This isn’t a problem, though. It’s just Didion staying true to what she writes in her famous essay “On Keeping a Notebook“:
So the point of my keeping a notebook has never been, nor is it now, to have an accurate factual record of what I have been doing or thinking. That would be a different impulse entirely, an instinct for reality which I sometimes envy but do not possess. At no point have I ever been able successfully to keep a diary; my approach to daily life ranges from the grossly negligent to the merely absent, and on those few occasions when I have tried dutifully to record a day’s events, boredom has so overcome me that the results are mysterious at best. What is this business about “shopping, typing piece, dinner with E, depressed”? Shopping for what? Typing what piece? Who is E? Was this “E” depressed, or was I depressed? Who cares?

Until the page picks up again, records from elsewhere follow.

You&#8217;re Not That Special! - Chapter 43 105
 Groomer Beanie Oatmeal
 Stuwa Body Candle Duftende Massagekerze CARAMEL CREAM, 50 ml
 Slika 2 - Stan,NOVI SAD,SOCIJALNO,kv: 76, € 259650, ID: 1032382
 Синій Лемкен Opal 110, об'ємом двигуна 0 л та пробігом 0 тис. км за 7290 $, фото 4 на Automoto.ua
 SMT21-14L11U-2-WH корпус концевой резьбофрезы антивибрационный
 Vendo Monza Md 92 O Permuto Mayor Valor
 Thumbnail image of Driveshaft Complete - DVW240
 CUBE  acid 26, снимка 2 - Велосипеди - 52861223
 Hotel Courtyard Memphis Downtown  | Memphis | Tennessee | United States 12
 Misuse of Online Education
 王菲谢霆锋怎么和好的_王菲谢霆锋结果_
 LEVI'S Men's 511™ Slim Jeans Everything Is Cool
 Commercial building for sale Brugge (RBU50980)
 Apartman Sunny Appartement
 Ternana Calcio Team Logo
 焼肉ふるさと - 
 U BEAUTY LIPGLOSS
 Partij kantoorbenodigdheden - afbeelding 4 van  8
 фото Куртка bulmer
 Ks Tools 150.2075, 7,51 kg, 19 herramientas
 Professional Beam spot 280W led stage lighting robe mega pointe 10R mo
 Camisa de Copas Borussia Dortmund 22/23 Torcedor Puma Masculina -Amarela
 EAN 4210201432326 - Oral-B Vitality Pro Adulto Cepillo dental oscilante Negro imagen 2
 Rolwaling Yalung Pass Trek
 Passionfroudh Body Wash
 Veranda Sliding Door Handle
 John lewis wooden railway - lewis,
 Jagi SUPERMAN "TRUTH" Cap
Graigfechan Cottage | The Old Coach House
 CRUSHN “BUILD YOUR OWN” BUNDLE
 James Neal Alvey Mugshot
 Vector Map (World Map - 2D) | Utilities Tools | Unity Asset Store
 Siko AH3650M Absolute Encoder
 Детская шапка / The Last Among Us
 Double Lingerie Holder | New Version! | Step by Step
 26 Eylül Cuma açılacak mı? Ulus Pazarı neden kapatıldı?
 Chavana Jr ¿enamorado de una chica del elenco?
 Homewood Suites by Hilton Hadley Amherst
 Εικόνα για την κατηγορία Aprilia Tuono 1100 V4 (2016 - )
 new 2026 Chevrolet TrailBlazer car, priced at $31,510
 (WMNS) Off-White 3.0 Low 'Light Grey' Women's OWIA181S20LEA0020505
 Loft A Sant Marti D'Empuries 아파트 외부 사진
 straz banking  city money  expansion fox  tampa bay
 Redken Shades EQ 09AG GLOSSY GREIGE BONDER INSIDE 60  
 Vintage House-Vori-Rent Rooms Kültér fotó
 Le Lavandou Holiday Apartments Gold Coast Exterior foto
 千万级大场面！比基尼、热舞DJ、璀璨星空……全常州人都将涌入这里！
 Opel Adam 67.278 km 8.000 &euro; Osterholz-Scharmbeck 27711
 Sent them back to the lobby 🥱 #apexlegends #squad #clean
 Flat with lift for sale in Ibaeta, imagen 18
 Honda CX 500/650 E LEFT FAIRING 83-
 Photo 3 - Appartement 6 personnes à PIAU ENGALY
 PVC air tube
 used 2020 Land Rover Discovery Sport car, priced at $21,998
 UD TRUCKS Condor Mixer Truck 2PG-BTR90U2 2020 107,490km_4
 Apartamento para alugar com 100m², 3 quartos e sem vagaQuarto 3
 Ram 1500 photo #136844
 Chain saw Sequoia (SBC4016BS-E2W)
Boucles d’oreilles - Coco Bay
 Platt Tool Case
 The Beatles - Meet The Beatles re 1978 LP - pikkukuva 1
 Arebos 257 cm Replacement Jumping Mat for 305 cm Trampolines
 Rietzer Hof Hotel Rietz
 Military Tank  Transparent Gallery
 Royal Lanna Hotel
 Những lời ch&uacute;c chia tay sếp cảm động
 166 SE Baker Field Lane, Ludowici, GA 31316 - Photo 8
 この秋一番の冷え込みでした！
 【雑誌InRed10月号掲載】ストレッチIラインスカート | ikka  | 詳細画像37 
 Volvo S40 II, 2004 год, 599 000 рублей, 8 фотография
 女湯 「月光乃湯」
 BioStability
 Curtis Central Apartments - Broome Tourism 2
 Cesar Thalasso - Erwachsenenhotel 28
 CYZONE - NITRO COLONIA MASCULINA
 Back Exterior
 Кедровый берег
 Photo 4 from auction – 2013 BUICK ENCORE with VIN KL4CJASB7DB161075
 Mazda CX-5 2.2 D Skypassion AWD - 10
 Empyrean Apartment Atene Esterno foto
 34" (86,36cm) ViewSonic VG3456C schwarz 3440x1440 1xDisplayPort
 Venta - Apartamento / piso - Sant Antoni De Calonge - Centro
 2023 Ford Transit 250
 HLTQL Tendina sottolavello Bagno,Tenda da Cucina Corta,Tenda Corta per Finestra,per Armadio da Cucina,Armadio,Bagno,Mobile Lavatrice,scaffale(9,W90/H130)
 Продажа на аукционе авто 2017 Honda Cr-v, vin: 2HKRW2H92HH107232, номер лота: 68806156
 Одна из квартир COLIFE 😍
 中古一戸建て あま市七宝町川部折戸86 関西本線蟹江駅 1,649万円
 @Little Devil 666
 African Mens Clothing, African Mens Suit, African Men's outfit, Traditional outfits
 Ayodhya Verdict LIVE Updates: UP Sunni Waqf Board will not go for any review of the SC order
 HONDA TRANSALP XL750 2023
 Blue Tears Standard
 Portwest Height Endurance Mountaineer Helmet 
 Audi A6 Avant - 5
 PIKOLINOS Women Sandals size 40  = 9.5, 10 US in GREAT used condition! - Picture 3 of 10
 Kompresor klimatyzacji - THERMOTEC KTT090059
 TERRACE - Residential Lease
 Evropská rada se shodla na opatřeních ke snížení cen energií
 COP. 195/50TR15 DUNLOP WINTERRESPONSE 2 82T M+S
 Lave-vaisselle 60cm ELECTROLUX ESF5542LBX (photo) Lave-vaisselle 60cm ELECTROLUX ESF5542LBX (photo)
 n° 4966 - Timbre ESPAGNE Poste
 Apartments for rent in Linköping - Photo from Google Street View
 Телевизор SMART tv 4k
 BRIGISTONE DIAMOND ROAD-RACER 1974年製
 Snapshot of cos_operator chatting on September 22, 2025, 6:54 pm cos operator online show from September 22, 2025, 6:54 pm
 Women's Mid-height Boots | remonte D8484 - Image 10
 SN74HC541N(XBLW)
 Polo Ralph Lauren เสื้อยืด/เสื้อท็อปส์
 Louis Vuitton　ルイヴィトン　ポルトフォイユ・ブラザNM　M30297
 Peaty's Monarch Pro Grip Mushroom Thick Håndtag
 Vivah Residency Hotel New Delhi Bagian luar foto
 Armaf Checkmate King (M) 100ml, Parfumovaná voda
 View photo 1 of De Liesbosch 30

In fact I have abandoned altogether that kind of pointless entry; instead I tell what some would call lies. “That’s simply not true,” the members of my family frequently tell me when they come up against my memory of a shared event. “The party was not for you, the spider was not a black widow, it wasn’t that way at all.” Very likely they are right, for not only have I always had trouble distinguishing between what happened and what merely might have happened, but I remain unconvinced that the distinction, for my purposes, matters.
If, like me, you love peeking into the journals and notebooks of some of our best writers, then I highly recommend South and West.